Sandalias, cuerdas, pieles de jaguar, de puma, de zorra y de venado, crudas o curtidas, se amontonaban en los lugares reservados a ese tipo de mercancía, junto con plumas de águila, de gavilán y de halcón. Se vendía maís, frijol, semillas oleaginosas, cacao, chile, cebolla y mil especies de legumbres y de hierbas; Pavos, conejos, liebres, carne de venado, patos y perritos cebados, mudos y sin pelo, que tanto apreciaban los aztecas; frutas, camotes, miel, almíbar de caña de maíz (sic) o de maguey; sal, colores para teñir telas y para escribir, cochinilla, índigo; vasijas de barro cocido de todas formas y dimensiones, calabazas, vasos y platos de madera pintada; cuchillos de pedernal o de obsidiana, hachas de cobre, madera para construcción, tablas, vigas, leña, carbón de madera, trozos de madera resinosa para antorchas, papel de corteza o de áloe; pipas cilíndricas de carrizo, llenas de tabaco y listas para usarse; todos los productos de la lagunas, los peces, las ranas y los crustáceos y hasta una especie de “caviar” formado por los huevos de insectos recogidos en la superficie del agua; y esteras, sillas, braseros…
Había en todas partes un amontonamiento prodigioso de mercancías, una abundancia inaudita de artículo de todo género que una muchedumbre compacta —llena de rumores, pero de ninguna manera ruidosa, tal como son todavía los indígenas actuales, serios, reposados— rodeaba deambulando alrededor de las canastas. “Hay (en este mercado), dice Cortés, casas como de boticarios, donde se venden las medicinas hechas, así potables como ungüentos y emplastos.
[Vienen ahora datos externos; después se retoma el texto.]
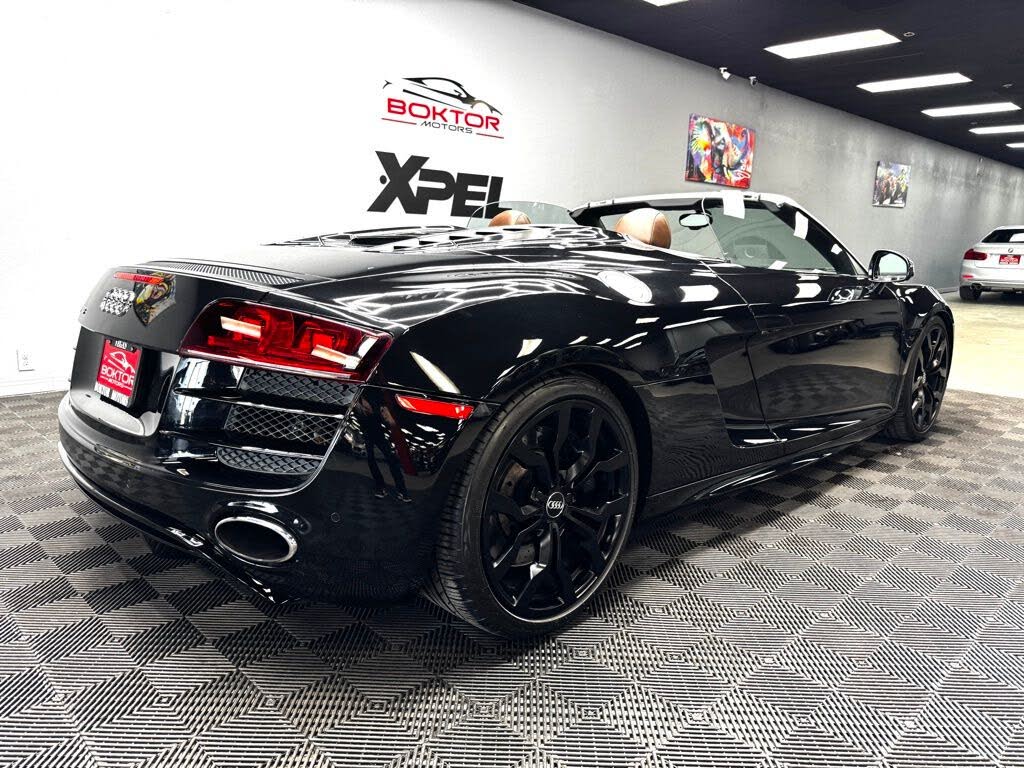 2011 Audi R8 5.2 quattro Spyder AWD photo 14 of 24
Hay casas como de barberos, donde lavan y rapan las cabezas. Hay casas donde dan de comer y beber por precio.”
- La sociedad y el Estado a principios del siglo XVI
Desde su nacimiento, el varón está consagrado a la guerra. El cordón umbilical del niño se entierra junto con su escudo y unas flechas en miniatura. Se le dirige un discurso en el cual se le anuncia que ha venido al mundo a combatir. El dios de los jóvenes es Tezcatlipoca, también llamado Yaotl “el guerrero”, y Telpochtli, “el joven”. Es el que preside las “casas de jóvenes”, telpochcalli, que reciben, en cada barrio, a los adolescentes desde la edad de seis o siete años. La educación que se imparte en esos colegios es esencialmente militar, y los jóvenes mexicanos no sueñan más que en distinguirse. Desde los diez años, se les cortan los cabellos dejando crecer solamente un mechón, piochtli, sobre la nuca, que sólo podrán cortar el día en que, en combate, hayan hecho un prisionero.
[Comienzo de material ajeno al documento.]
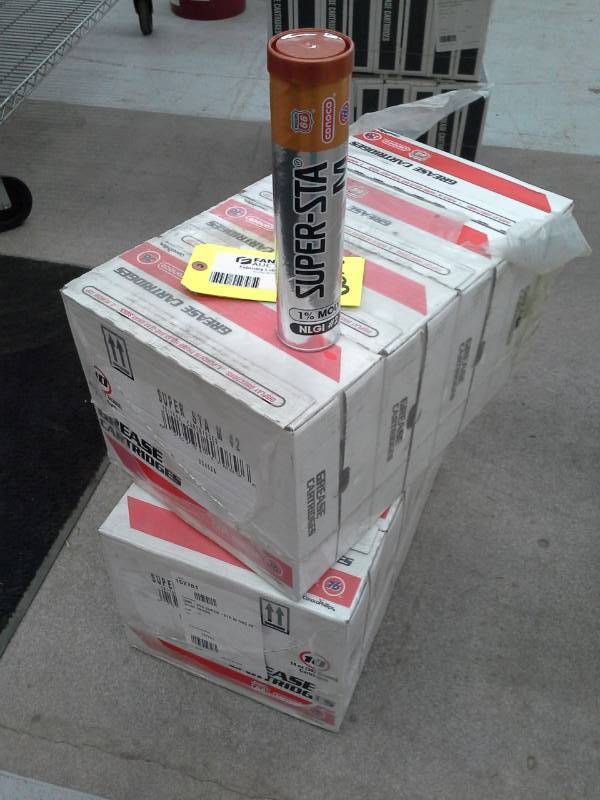 lot 548 image: 8 Cases of Phillips 66 Super STA 1% Moly Grease NLGI #2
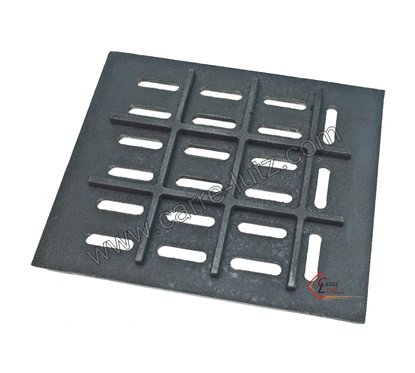 CH82051061270 - Demie grille de foyer godin 1270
Sin duda, “La vida cotidiana de los aztecas en vísperas de la conquista”, de Jacques Soustelle, es una publicación singular. Editada originalmente en francés, en 1955, y después publicada en español por el Fondo de Cultura Económica —y reimpresa en varias ocasiones—, marcó un precedente importante, pues el autor acudió a diversas fuentes históricas como los escritos de Sahagún, Durán, Torquemada y otros cronistas, así como a diversos códices. De esta manera y de primera mano, Soustelle brindó una visión de los pormenores de la vida diaria en la ciudad de Tenochtitlan, basándose no solamente en los documentos antiguos, sino en el dato arqueológico.